Of the 1 billion people worldwide existing in extreme penury, 40 per cent live in the Muslim world. For these stricken households, life may be looking up. Last June, to little fuss, Bill Gates, cofounder of the world’s wealthiest private foundation, and the Jeddah-based Islamic Development Bank (IsDB) unveiled a $2.5bn fund aimed at hoisting some 400 million people over the poverty line, and out of destitution.
“We have the expertise, and the IsBD knows how to get things done in the region,” Gates says of the partnership. “Those are really the things that count.”
The plan hinges on cheap loans. Over five years, the IsDB will disburse $2bn to projects in health, agriculture and infrastructure in the 30 poorest Muslim countries. The Bill & Melinda Gates Foundation is raising $500m in grants to trim the interest payments on these loans and put them in reach of the most impoverished states, chipping in $100m itself.
The IsBD-backed Islamic Solidarity Fund for Development has pitched in a further $100m, while Qatar in April put in $50m. Gates, beating the drum for further donors, hailed it as “an incredible opportunity for anyone who cares about driving social change”.
“It’s a pretty significant fund,” he says today. “I’m hopeful.”

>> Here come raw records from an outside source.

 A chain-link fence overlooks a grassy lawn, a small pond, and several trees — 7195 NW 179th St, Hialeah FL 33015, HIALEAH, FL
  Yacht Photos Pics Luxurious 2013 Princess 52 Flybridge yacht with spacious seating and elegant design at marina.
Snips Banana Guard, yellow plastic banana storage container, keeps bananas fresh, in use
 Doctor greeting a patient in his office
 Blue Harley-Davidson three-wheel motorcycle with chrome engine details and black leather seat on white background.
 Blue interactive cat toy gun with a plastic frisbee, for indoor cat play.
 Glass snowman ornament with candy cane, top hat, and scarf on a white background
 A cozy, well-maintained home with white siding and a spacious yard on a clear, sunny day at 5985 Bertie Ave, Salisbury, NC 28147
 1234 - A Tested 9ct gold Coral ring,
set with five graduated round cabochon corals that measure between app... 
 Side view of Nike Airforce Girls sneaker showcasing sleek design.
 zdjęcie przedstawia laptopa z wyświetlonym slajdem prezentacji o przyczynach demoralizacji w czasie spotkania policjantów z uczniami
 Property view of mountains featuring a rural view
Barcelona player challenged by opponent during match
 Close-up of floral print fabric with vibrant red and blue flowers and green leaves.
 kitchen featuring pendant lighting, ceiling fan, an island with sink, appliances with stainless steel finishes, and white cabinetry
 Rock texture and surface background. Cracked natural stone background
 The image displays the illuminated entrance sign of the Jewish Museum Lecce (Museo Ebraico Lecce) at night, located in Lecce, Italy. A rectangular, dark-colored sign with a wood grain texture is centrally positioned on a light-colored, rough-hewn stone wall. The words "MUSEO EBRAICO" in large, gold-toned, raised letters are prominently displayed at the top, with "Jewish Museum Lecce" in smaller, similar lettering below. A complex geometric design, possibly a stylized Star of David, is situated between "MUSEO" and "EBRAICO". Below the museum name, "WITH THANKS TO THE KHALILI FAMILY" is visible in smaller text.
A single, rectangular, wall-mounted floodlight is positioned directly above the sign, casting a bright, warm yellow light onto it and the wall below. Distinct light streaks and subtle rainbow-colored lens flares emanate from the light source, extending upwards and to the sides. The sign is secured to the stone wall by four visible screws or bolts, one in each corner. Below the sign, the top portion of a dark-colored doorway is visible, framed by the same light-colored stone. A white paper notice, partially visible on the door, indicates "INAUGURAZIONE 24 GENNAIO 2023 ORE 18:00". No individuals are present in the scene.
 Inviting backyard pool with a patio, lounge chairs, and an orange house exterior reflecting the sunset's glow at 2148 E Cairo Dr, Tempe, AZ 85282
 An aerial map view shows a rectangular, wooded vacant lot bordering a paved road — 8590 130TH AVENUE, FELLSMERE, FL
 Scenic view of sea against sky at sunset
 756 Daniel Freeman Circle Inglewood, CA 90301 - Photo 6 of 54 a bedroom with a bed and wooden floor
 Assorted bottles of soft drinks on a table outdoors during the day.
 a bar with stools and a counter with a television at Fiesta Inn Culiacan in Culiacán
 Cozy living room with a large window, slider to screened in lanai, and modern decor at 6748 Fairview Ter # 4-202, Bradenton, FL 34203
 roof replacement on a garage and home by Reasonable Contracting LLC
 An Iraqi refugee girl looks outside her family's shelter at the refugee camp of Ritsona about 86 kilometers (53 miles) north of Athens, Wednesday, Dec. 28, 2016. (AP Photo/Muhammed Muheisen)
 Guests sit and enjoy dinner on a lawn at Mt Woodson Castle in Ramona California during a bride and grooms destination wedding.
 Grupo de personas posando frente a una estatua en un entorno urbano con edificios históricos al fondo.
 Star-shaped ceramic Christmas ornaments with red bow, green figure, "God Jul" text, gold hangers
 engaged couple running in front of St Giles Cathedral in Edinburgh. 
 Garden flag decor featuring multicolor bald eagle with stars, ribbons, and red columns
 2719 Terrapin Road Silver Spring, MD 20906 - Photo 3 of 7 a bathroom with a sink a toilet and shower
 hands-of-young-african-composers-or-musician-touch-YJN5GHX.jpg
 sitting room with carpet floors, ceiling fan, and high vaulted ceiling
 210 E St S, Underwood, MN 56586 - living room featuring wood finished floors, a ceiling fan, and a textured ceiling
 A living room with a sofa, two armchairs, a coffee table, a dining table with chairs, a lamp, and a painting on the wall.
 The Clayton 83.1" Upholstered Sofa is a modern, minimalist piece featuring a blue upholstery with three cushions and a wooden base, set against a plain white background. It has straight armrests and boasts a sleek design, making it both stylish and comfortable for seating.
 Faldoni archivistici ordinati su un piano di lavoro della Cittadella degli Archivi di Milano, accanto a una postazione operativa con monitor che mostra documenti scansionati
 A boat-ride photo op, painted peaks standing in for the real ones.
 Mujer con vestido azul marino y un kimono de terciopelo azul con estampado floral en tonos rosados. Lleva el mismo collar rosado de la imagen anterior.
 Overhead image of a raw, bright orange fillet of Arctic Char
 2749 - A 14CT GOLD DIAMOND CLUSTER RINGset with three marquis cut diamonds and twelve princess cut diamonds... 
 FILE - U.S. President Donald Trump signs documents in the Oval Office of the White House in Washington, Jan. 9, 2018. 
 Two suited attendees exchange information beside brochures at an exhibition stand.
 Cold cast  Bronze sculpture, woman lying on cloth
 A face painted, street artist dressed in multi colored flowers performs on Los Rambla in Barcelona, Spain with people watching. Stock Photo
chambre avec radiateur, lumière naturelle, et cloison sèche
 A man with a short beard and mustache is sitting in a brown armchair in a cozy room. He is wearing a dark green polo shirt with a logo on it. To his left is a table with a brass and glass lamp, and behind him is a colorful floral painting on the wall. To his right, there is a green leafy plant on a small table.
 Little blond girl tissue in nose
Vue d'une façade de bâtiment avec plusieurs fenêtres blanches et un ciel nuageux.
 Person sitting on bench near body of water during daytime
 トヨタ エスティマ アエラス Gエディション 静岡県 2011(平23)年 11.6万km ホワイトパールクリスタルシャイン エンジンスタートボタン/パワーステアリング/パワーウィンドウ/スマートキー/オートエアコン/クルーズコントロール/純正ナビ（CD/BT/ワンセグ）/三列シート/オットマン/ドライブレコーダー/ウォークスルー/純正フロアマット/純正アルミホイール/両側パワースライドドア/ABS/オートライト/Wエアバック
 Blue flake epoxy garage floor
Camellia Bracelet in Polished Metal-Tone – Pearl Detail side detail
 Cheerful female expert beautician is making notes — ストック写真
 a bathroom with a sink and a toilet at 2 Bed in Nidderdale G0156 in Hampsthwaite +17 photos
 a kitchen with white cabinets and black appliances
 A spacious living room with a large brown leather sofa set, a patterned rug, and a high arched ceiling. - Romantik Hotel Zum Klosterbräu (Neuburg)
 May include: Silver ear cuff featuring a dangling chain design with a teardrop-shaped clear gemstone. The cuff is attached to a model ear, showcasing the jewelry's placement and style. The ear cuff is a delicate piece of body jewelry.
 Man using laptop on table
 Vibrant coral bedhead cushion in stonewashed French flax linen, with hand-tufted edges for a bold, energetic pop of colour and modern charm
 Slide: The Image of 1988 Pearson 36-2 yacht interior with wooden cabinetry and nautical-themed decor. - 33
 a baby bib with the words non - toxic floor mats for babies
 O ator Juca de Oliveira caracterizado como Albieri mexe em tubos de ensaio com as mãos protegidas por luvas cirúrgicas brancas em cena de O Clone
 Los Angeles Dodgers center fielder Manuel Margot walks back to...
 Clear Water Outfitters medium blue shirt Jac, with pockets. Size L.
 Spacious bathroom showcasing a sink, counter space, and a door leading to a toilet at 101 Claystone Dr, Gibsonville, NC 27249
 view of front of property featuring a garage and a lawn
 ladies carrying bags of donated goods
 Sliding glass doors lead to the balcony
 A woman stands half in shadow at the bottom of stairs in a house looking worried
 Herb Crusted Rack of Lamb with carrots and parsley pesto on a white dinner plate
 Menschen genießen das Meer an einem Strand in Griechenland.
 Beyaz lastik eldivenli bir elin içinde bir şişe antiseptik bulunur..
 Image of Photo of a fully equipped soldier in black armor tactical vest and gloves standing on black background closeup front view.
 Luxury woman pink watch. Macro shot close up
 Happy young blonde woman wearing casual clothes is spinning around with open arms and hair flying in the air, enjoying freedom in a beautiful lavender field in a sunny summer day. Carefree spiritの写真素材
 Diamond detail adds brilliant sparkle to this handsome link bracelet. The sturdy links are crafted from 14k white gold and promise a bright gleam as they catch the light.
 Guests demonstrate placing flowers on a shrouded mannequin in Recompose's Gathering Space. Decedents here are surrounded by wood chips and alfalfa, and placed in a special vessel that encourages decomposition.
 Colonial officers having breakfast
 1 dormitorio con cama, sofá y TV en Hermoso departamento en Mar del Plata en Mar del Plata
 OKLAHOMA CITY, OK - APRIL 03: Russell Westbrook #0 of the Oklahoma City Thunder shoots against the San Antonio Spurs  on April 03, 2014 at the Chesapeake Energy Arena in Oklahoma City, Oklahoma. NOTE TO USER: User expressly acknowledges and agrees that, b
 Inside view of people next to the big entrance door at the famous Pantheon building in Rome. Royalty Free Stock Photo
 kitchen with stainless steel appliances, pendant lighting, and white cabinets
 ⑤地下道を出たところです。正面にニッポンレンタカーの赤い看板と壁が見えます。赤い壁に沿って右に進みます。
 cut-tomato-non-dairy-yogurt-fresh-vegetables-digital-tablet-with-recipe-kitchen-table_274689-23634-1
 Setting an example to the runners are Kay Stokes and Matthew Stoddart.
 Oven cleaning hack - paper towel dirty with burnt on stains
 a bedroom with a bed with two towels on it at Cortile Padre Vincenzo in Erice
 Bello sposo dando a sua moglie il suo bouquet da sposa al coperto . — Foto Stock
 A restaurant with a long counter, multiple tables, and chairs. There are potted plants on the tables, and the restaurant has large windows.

At 60, Gates is still seeking out new frontiers. A Harvard dropout, he made his name as a tech titan, building the world’s first software fortune in the totemic Microsoft Corp. The company listed in 1986 and within a year, Gates, at 31, had become the world's youngest self-made billionaire.
He stepped down in 2008, one of the world’s richest men, to devote his time to the foundation he and his wife Melinda had launched eight years earlier.
Today, the Gates Foundation is the world’s biggest private philanthropy, doling out close to $4bn a year to causes as diverse as education, sanitation and women’s health, in the pursuit of ending poverty and disease. By all measures, Gates is the most influential philanthropist on the planet.